Solar time, however, is not the same as our clock time. There is a correction factor that has to be added to the solar time to convert it to the clock time. This correction factor is different for different dates of the year.
The Samrat Yantra at the Delhi Jantar Mantar Observatory, has a strange history. At some time in the past, some of the excavated pit around the central gnomon of the instrument was filled up, as the area had become a swamp. This resulted in the loss of a segment of the quadrant of the instrument on either side of the central gnomon. On account of these missing segments of the quadrants, all the existing literature treats the Samrat Yantra as an instrument that is no longer usable.
Near the central gnomon of the Samrat Yantra, a horizontal cemented platform is present that seems to be a continuation of the quadrant. Using this platform, as a replacement for the quadrant, the instrument can still be used in its entirety. The instrument will have to be used as an equinoctial sundial, using the original calibration of Jai Singh's Astronomers on the intact segments of the Samrat Yantra and a calibration analogous to a European sundial on the horizontal platform where the quadrants are missing.
Jai Prakas are twin hemispherical bowl instruments, each a reflection of the sky above, and marked in sectors and gap regions.
The bowls are complementary, in the sense that, the gap region in one bowl is the sector region in the other and vice versa. The idea being that, the observer needs to be inside the bowl, to take readings - which means that readings would not be possible in the regions where the observer would be able to walk - and hence the complimentary bowl.
Cross wires are to be stretched in the North-South and East-West direction on the surface of the instrument bowls. Shadow of the centre of this cross wire, on the surface of the bowl, shows the position of the Sun in the sky.
The sectors on the surface of the hemisphere should have markings on them that would facilitate measurement of the local as well as the equatorial co-ordinates of a celestial object. There should also be markings for the measurement of time and the approach of a sign of the Zodiac, on the Meridian.

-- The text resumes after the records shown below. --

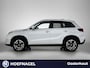 Suzuki Vitara 1.4 Boosterjet Style Smart Hybrid | Adaptive Cruise | Stoelverwarming | CarPlay | Camera | Panoramadak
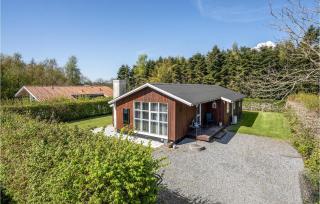 3 Bedroom Stunning Home In Juelsminde - Juelsminde - 3
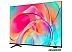 Телевизор Hisense 55E7KQ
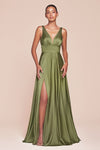 Luna – Abendkleid Eleganz pur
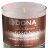 Вкусовая массажная свеча с феромонами и ароматом "Шоколадный мусс" DONA Kissable Massage Candle Choc Вкусовая массажная свеча с феромонами и ароматом "Шоколадный мусс" DONA Kissable Massage Candle Choc - Вкусовая массажная свеча с феромонами и ароматом "Шоколадный мусс" DONA Kissable Massage Candle Choc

The Jai Prakas, is a complete instrument, with an ability to make many of the measurments done individually by the other observatory instruments.
The Ram Yantra can measure the local co-ordinates of Altitude and Azimuth, of a celestial object.
The angular height of an object, from the Horizon, is the Altitude. The Azimuth is the relative anglular position of the object measured eastwards, starting from the direction, North.
Each of the cylindrical Ram Yantra consists of a circular wall, floor sectors and a gnomon at the center. The gaps inside the instrument are for facilitating the movement of observers to read the markings and hence, the complimentary instrument is designed in such a way that, the shadow falls on a sector of one of the instruments, if it falls in the gap for the other instrument. Spliced together, the two instruments make a whole cylinder whose inner walls and the floor is a complete reflection of the sky above.
The complete circumference of the Ram Yantra Cylinder encloses 360 degrees of Azimuth. This is then divided into different segments of Azimuth, in the wall and floor sectors of the instrument. The 12 wall and floor sectors inside the two cylindrical instruments, are of unequal width. The East Ram Yantra has 12 degree wide sectors separated by 18 degree wide gaps, while the West Ram Yantra has 18 degree wide sectors separated by 12 degree wide open sections.
The height of the walls and the gnomon has been designed to be exactly equal to the inside radius of the cylinder measured from the outer circumference of the gnomon.
Azimuth angles are marked on the floor and walls of the Ram Yantra as sectors. Azimuth is zero towards the North and increases eastwards.